Vedova allegra: così nasce la nuova moda

Nel 1907 il Dal Verme riuscì ad assicurarsi l'operetta La Vedova Allegra in anticipo su Londra e New York, per citare due metropoli dove, anche allora, tutto accadeva

Vedova allegra: così nasce la nuova moda

Nel 1907 il Dal Verme riuscì ad assicurarsi l'operetta La Vedova Allegra in anticipo su Londra e New York, per citare due metropoli dove, anche allora, tutto accadeva. La Vedova allegra di Franz Lehár raggiungeva Milano dopo la prima assoluta del 30 dicembre 1905 al Theater an der Wien di Vienna a cui si era aggiunto un passaggio in terra germanica (Amburgo).

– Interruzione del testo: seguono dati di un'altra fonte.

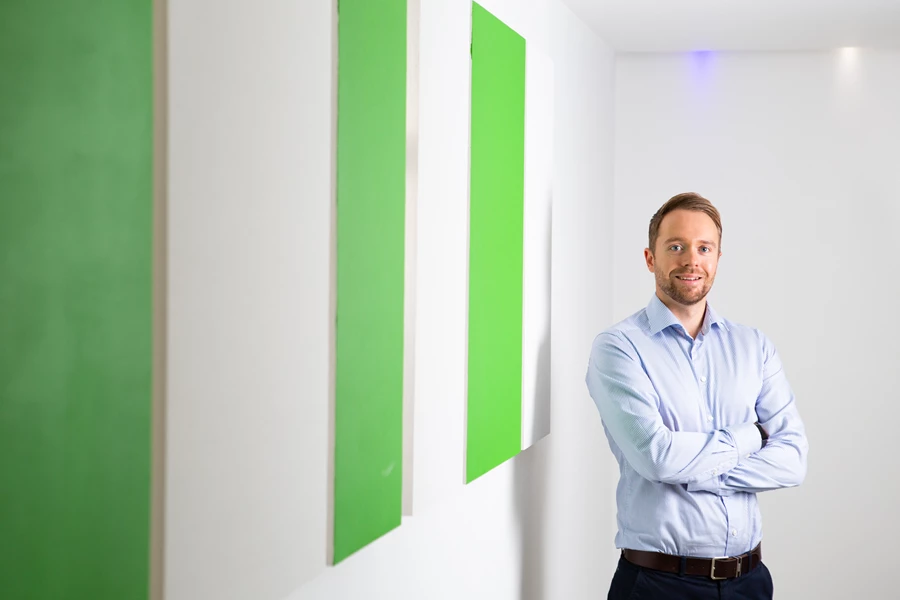 Corporate business portrait head shot of man next to striped green wall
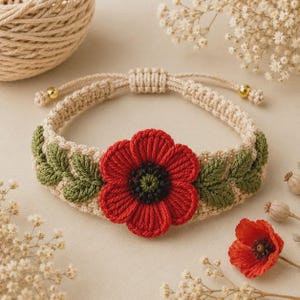 May include: A beige macrame bracelet featuring a central red poppy flower with a dark green and black center, flanked by embroidered green leaves on each side. The bracelet has an adjustable sliding knot closure with small gold-toned beads.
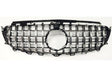 A car grille features vertical and horizontal chrome slats forming a grid pattern, with a circular emblem space in the center, set against a plain white background.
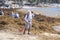 Group of ecological volunteers clean the beach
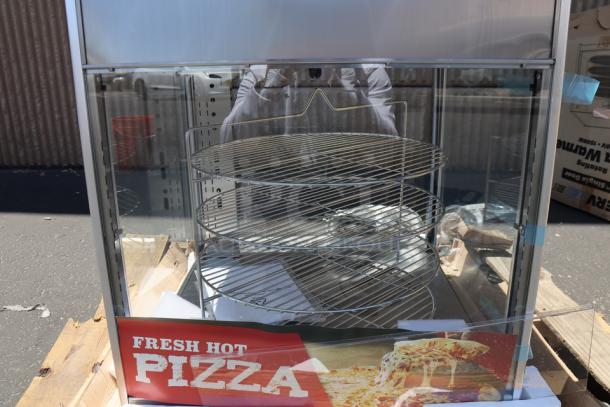Brand new ServIt PDW18D1P 18" pizza warmer with rotating 4-shelf rack, pretzel rack. No glass damage, some dents. 120V, 1,500W.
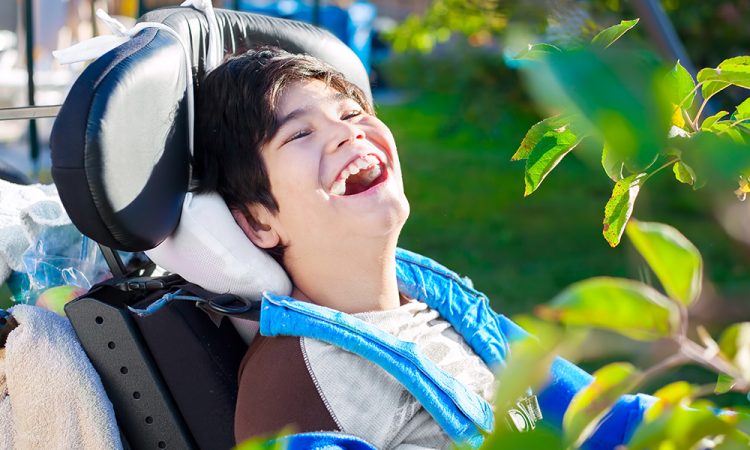 boy in wheelchair laughing outside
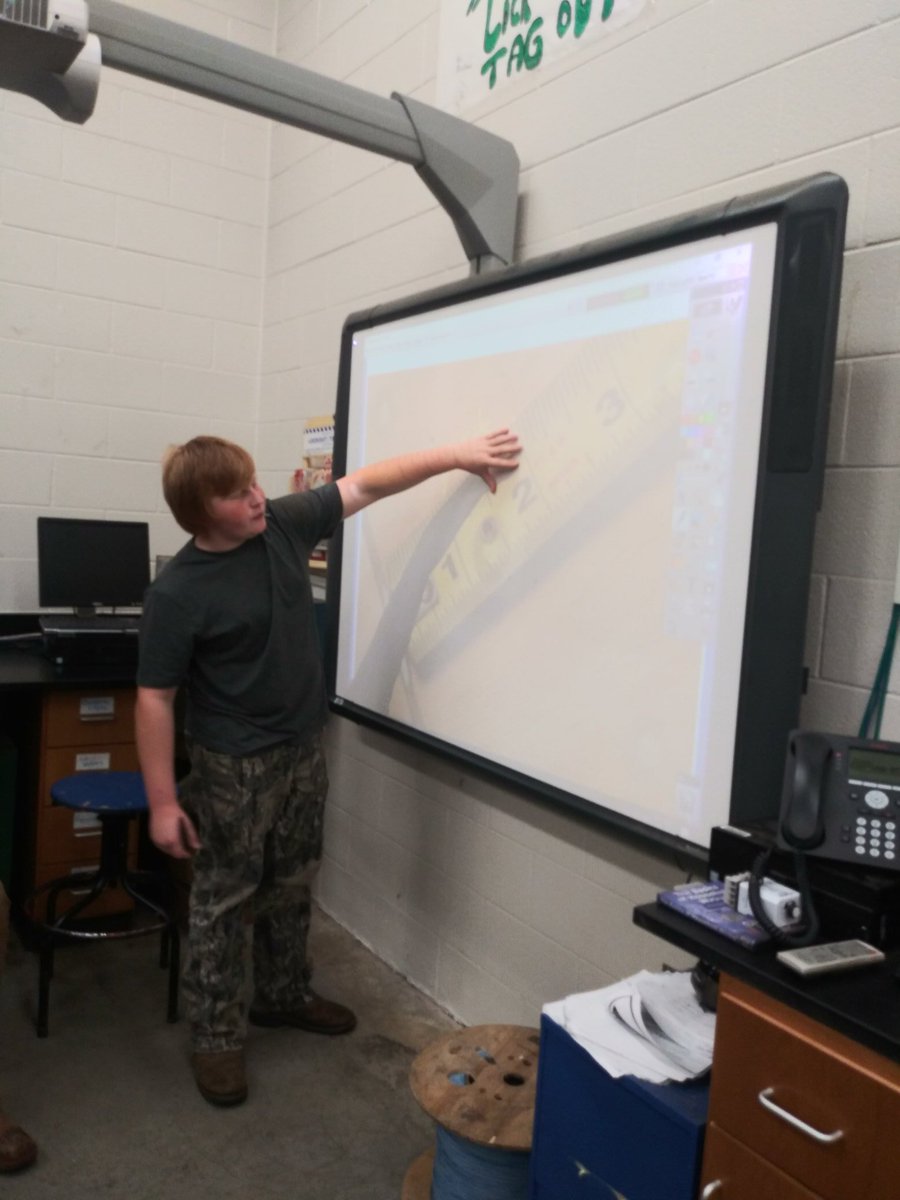 JB_electrician's tweet photo. My 8th graders are learning how to read a tape measure. Jamison had a good understanding on how to read all the marks on the tape so I let him student teach.  Good job! #SOKYECCA https://t.co/LG16ESYi47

Milano sorseggiò volentieri quella coppa di bollicine, l'ultima ventata di spensieratezza da Belle Époque, proprio mentre si era a un passo dal precipizio rappresentato dal primo conflitto mondiale. Piaceva quel soggetto semplice, senza pretese, i duetti e le arie godibili e i balletti briosi che innervano questa ed altre operette. L'Italia era la roccaforte dell'opera dura e pura, con punta nella Scala, dunque aprirsi a questo genere leggero era stato un azzardo visto con qualche disapprovazione dai fautori della tradizione italica. Ma la scommessa fu vinta tanto che i giornali riferiscono che «l'indomani l'intera Milano fischiava e cantava Tace il labbro, È scabroso le donne studiar e tutti gli altri brillanti, nostalgici, travolgenti motivi lehariani.

Rotto il ghiaccio con il genere, il Dal Verme e più in generale la città si aprivano all'operetta addirittura fatta in casa. Dopo il conflitto mondiale e le agitazioni del biennio rosso, il 18 dicembre 1925 il Dal Verme teneva a battesimo Cin Cin Là di Carlo Lombardo dei Baroni e Virgilio Ranzato, violinista alla Scala sotto la bacchetta severissima di Arturo Toscanini.

Per la verità, il Dal Verme non era comunque più solo in questo tipo di proposte. Subiva infatti la concorrenza del Teatro Lirico e del Fossati. Erano anni bui, anche in termini di nuove proposte di melodramma, l'operetta si rivelò un balsamo.